Kit Keenan Shares The Real Reason She’s Not Following Mom Cynthia Rowley Into Fashion

Influencer Kit Keenan and designer mom Cynthia Rowley celebrated Mother's Day by giving E! News a peek inside their lives and their thoughts on fashion, food and that nepo baby debate.

By Sarah Grossbart May 14, 2023 10:00 AMTags
Watch: Cynthia Rowley & Kit Keenan Talk Work, Fashion & Nepo Babies

Kit Keenan has entered the nepo baby chat. 

While the influencer has yet to follow mom Cynthia Rowley's well-heeled footsteps into the world of fashion, she's not denying that curiosity about the designer's eponymous brand has placed her a cut above her counterparts. 

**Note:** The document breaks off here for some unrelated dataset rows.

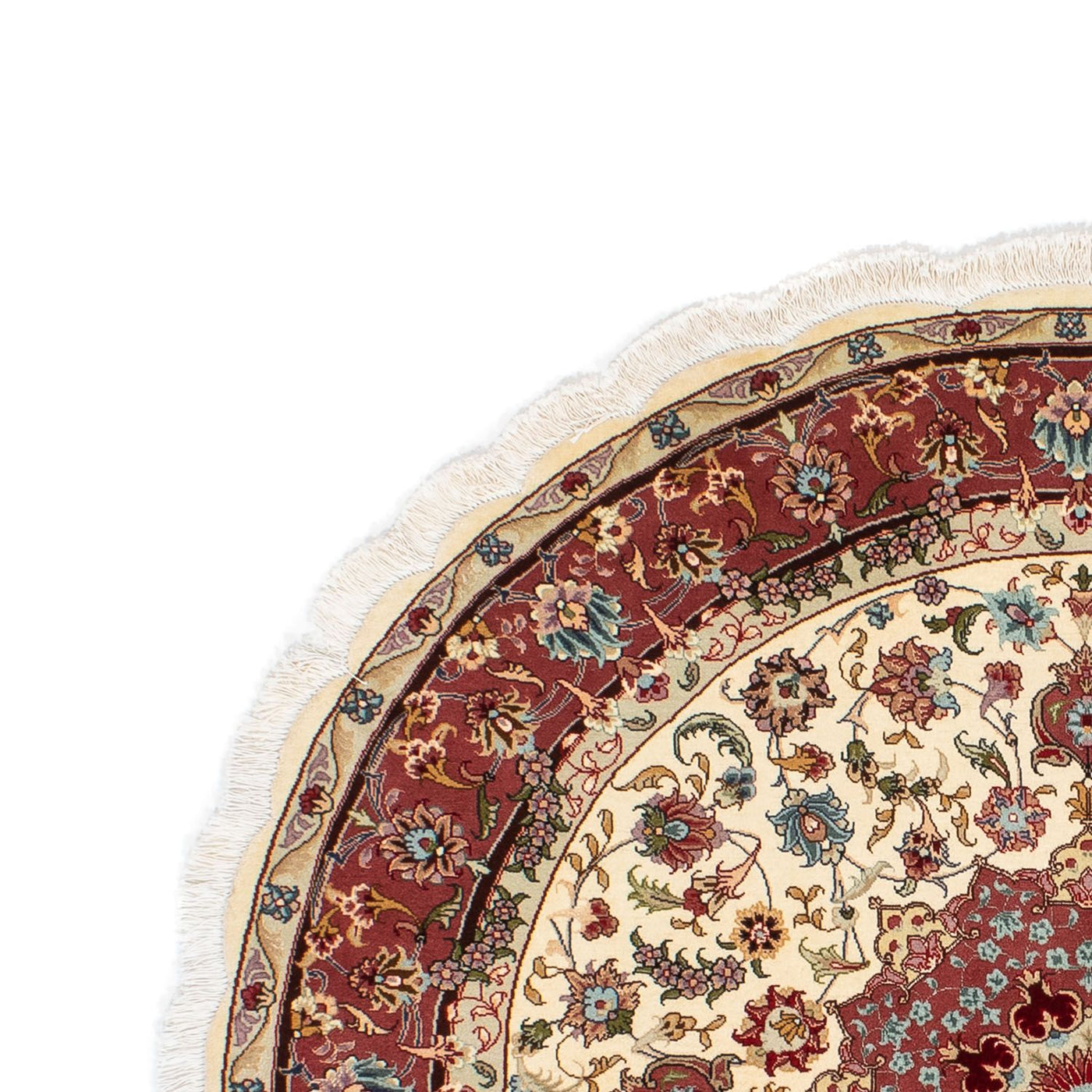 Tabriz - 50 Raj Rug 145x145cm - Persian Rugs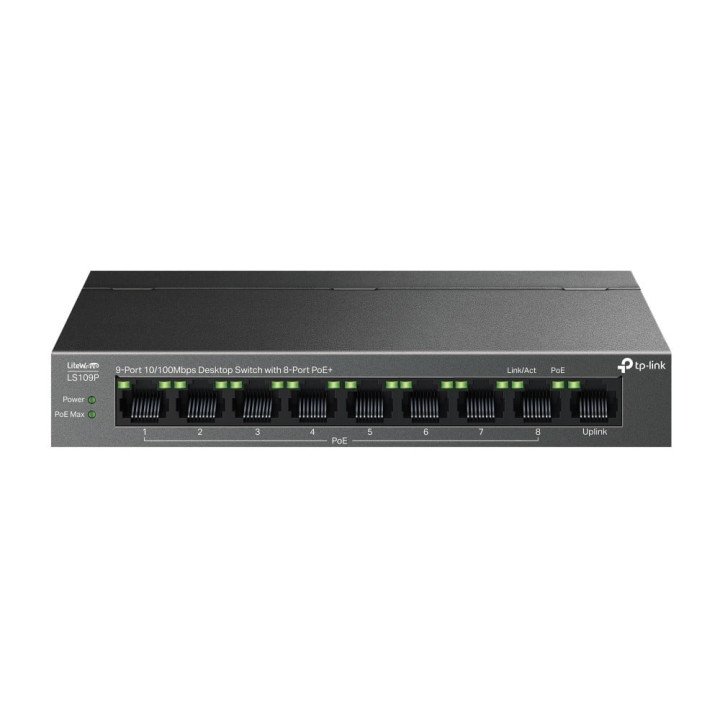 TP-Link LS109P 9 portu PoE+ slēdzis 10/100 Mbps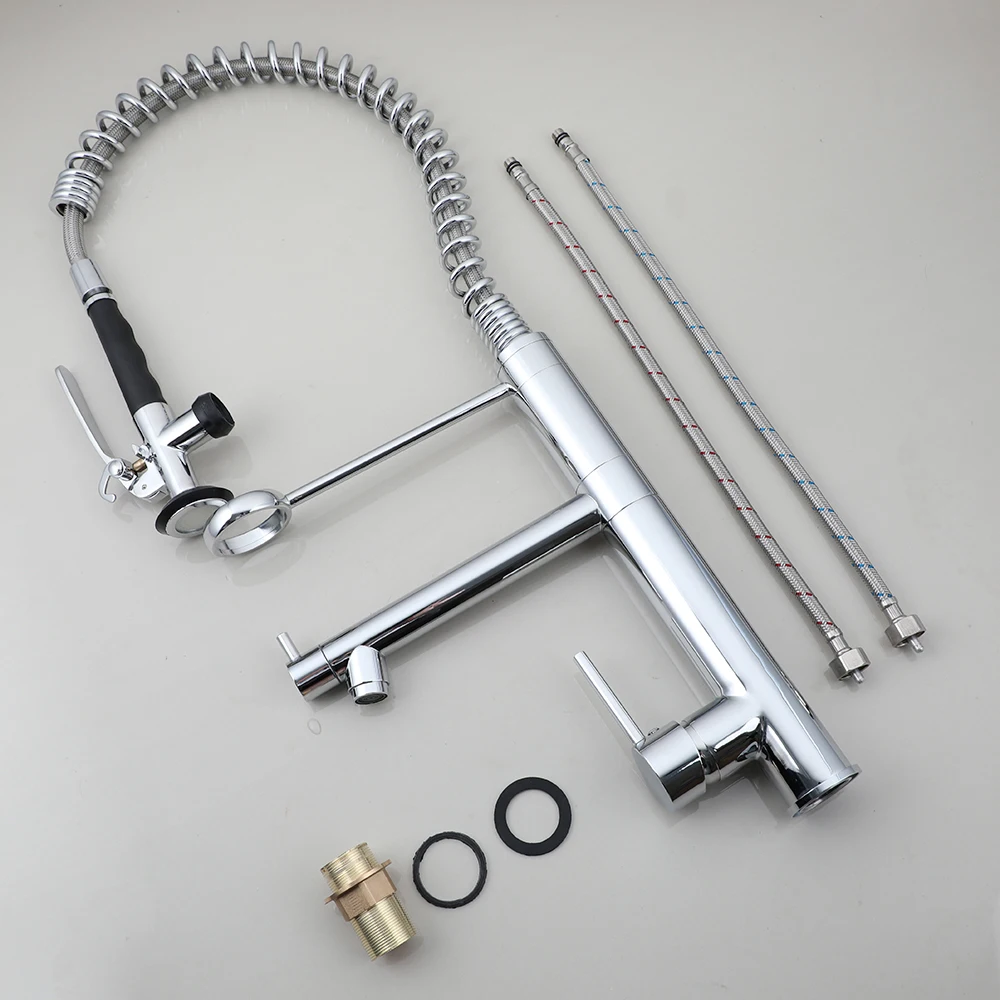 SINLAKU Brass Pre‑Rinse Kitche - Commercial Kitchen Faucet ulasan dan harga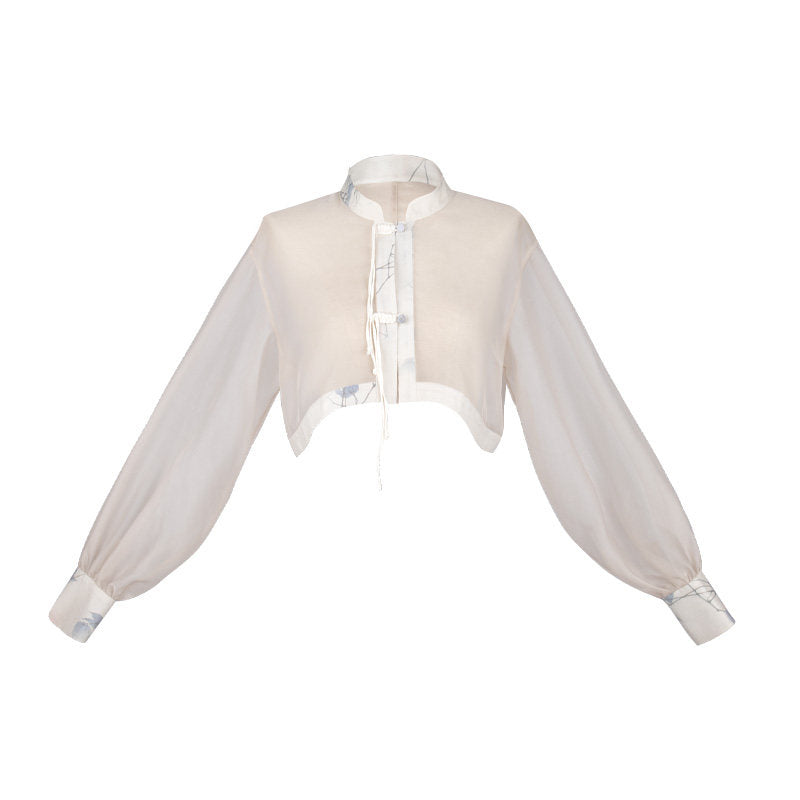Song Dynasty Modern Hanfu Changgan Temple Jacket and Pleated Skirt - Songjian 松间 (Preorder)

"I have friends whose moms aren't fashion designers who do exactly what I do, but I think growing up in the way that I have has allowed me to thrive on social media," the Bachelor alum exclusively told E! News in a joint interview with her well-known mama. "I think people were interested in the fact that my mom is a fashion designer, that I grew up in New York City."

With Cynthia having launched her first capsule collection of sporty-meets-pretty wares in 1988, 11 years before her daughter's birth, Kit has come to embrace that nepo baby label and wear it like the birthday crown she once donned for an entire year because, jokes Mom, "you were like, 'People are so nice when they think it's your birthday.'"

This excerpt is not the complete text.